Assigned task » Print every entry exactly as it appears, but skip the pictures.

Raw data »
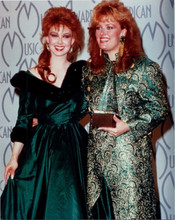 The Judds vintage 1980's 8x10 press photo posing at American Music Awards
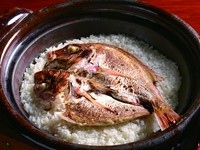 明石天然真鯛を丸丸一匹、五つ星のお米マイスターがブレンドした特製ブレンド米を使用した贅沢な一杯。土鍋で炊き上げるのでふっくらとした仕上がり。シンプルながらも奥深い滋味を感じることができます。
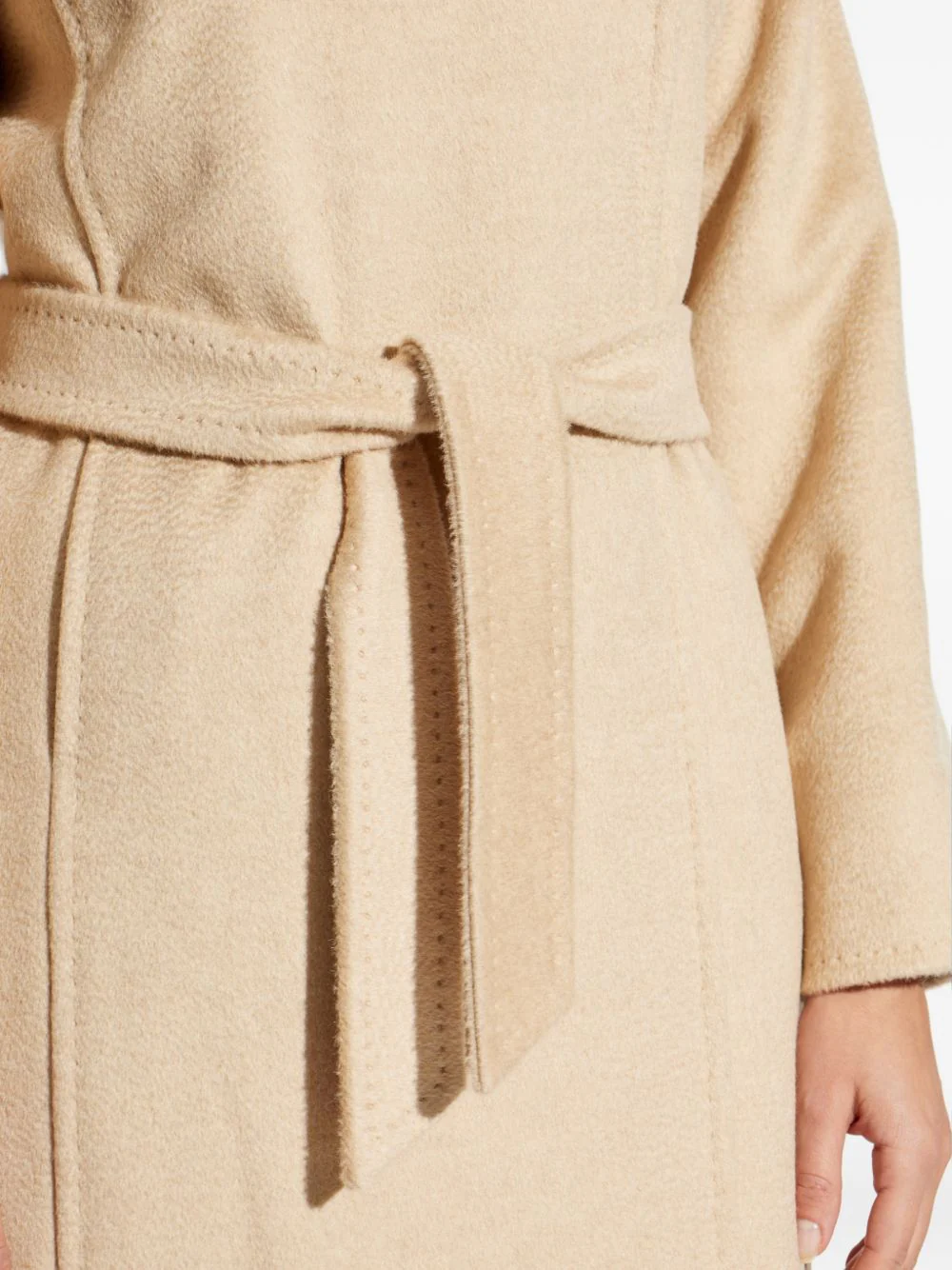 Max Mara Classic Camel Jacket with Adjustable Belt - Image 5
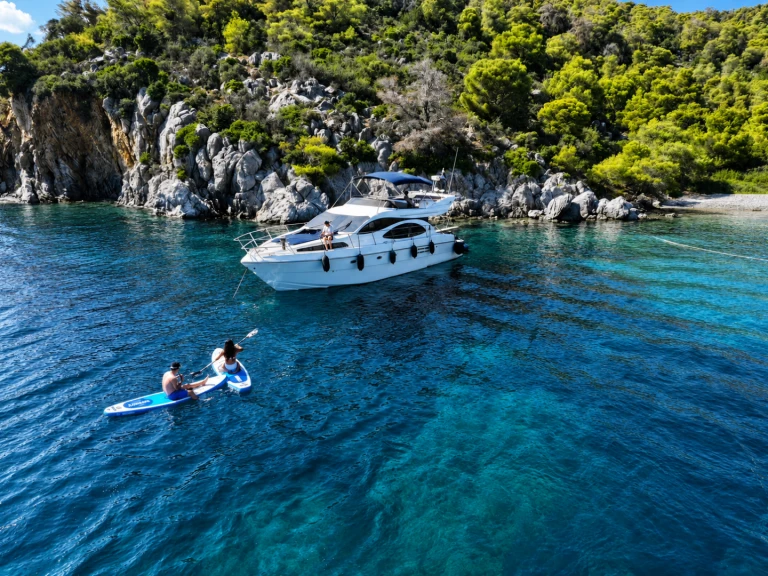 Azimut Azimut 46 Fly da affittare a  Alimos Marina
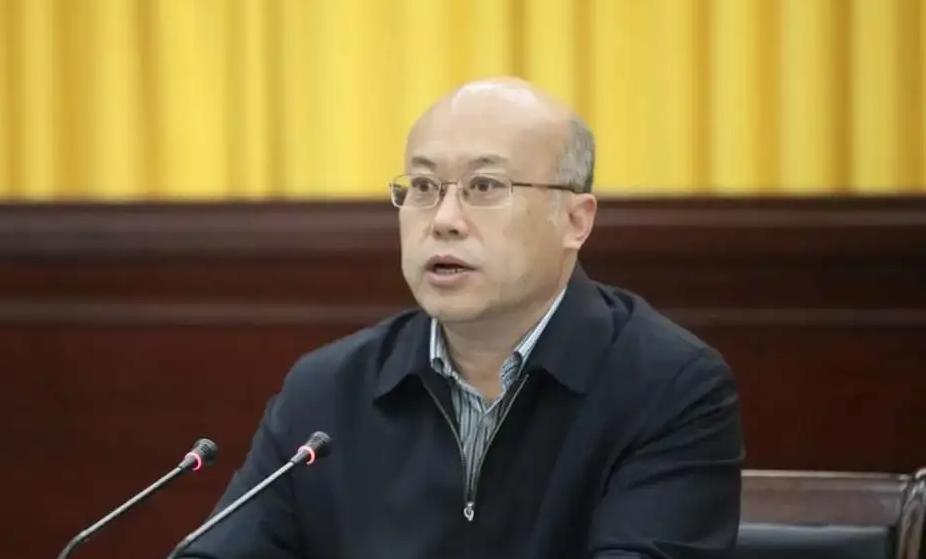 招商港口股票，駛向成功的港口——學(xué)習(xí)與自信之旅的蛻變之路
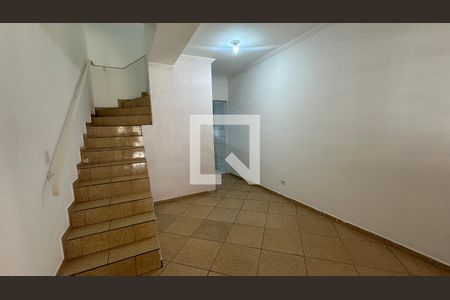 Sala de casa à venda com 2 quartos, 66m² em Jardim Regina Alice, Barueri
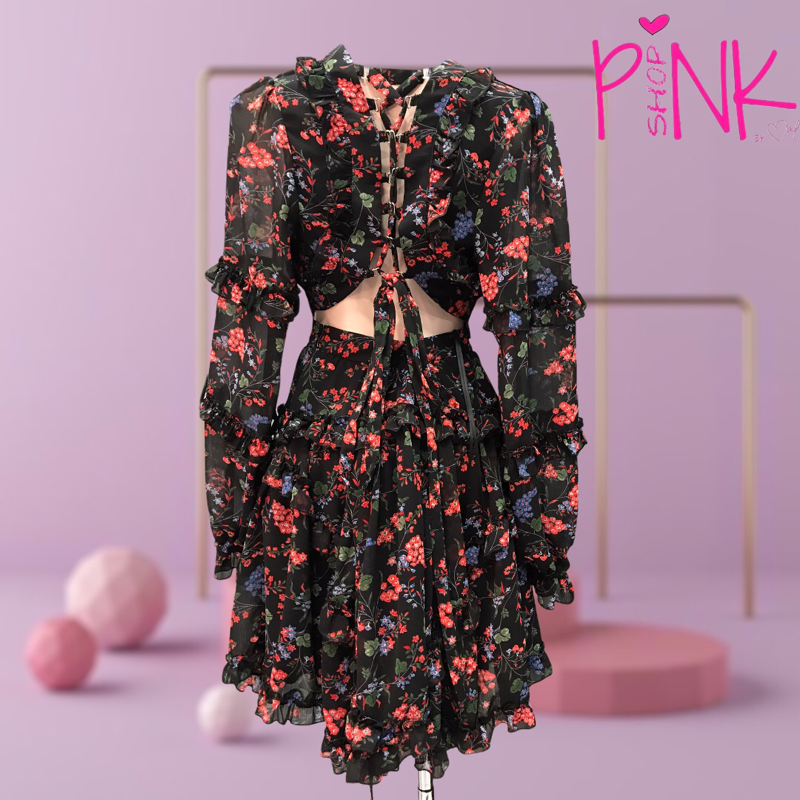 Vestido Vaporoso Escote V de Flores.
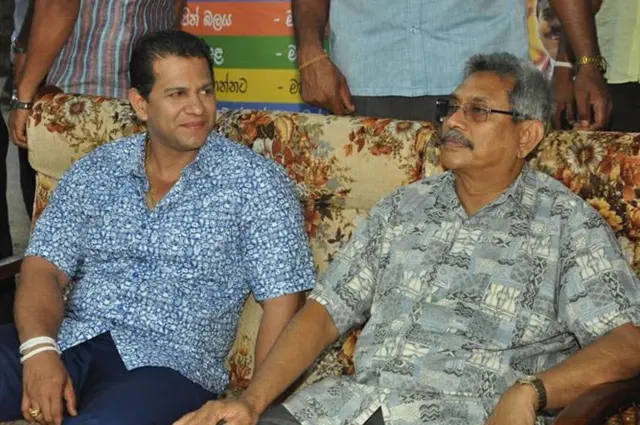 ගෝඨාභය රාජපක්ෂ ජනාධිපති ධුරයට පත්වීමට පෙර ගත් ඡායාරූපයක්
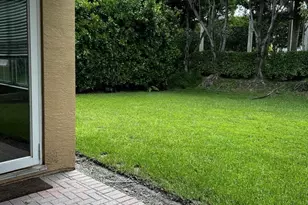 9555 Phipps Ln, Wellington, FL 33414 - Photo 27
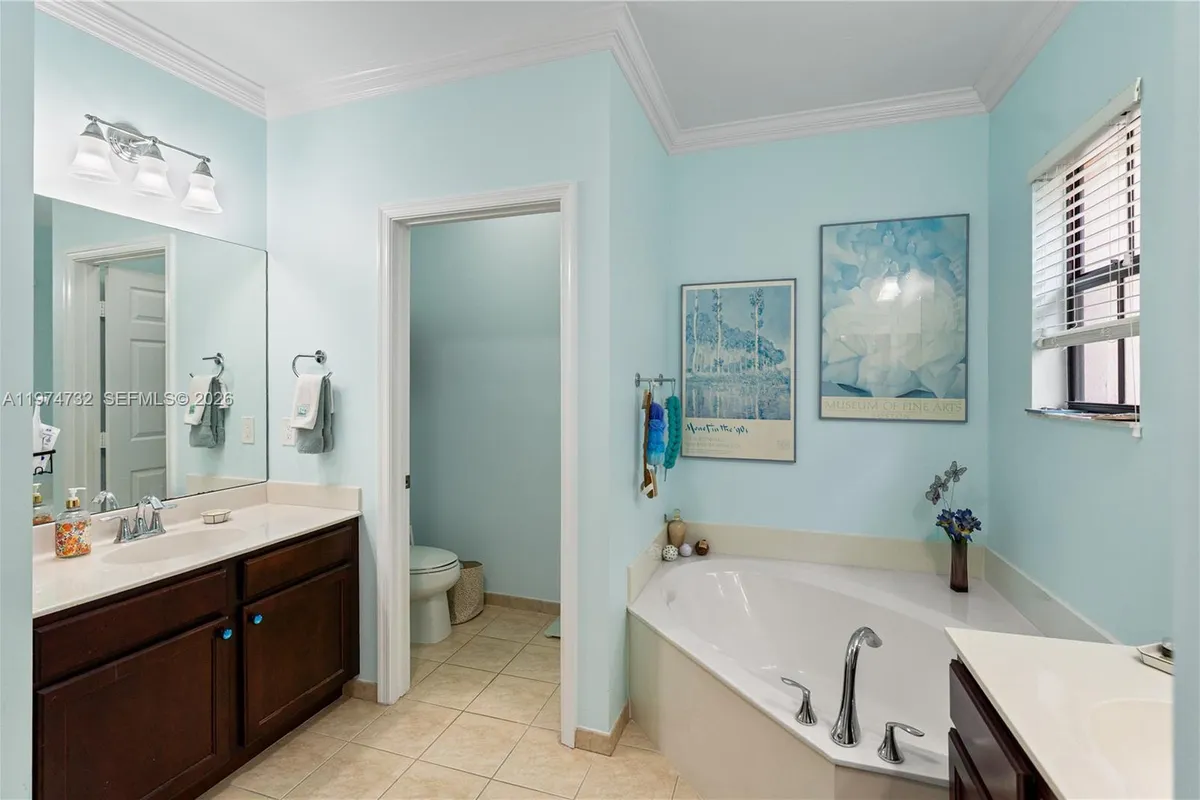 6073 Grand Cypress Cir W, Coconut Creek FL 33073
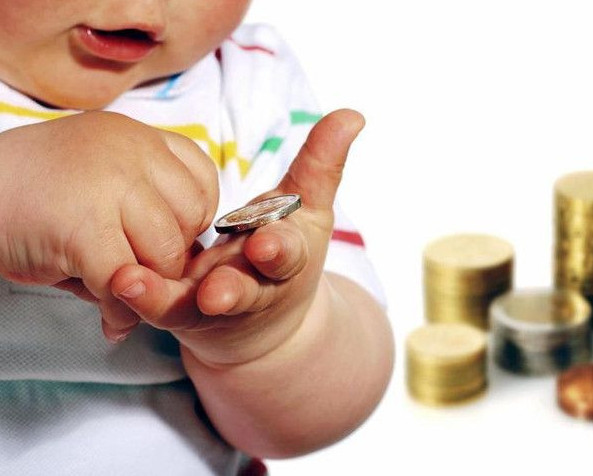 كەلەسى جىلى زەينەتاقى مەن جاردەماقى قانشالىقتى وسەدى؟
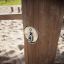 Nahaufnahme eines Karabinerhakens an einem Holzpfosten auf einem Spielplatz mit Sandboden, Kentucky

Exercise answer »
 The Judds vintage 1980's 8x10 press photo posing at American Music Awards
 明石天然真鯛を丸丸一匹、五つ星のお米マイスターがブレンドした特製ブレンド米を使用した贅沢な一杯。土鍋で炊き上げるのでふっくらとした仕上がり。シンプルながらも奥深い滋味を感じることができます。
 Max Mara Classic Camel Jacket with Adjustable Belt - Image 5
 Azimut Azimut 46 Fly da affittare a  Alimos Marina
 招商港口股票，駛向成功的港口——學(xué)習(xí)與自信之旅的蛻變之路
 Sala de casa à venda com 2 quartos, 66m² em Jardim Regina Alice, Barueri
 Vestido Vaporoso Escote V de Flores.
 ගෝඨාභය රාජපක්ෂ ජනාධිපති ධුරයට පත්වීමට පෙර ගත් ඡායාරූපයක්
 9555 Phipps Ln, Wellington, FL 33414 - Photo 27
 6073 Grand Cypress Cir W, Coconut Creek FL 33073
 كەلەسى جىلى زەينەتاقى مەن جاردەماقى قانشالىقتى وسەدى؟
 Nahaufnahme eines Karabinerhakens an einem Holzpfosten auf einem Spielplatz mit Sandboden, Kentucky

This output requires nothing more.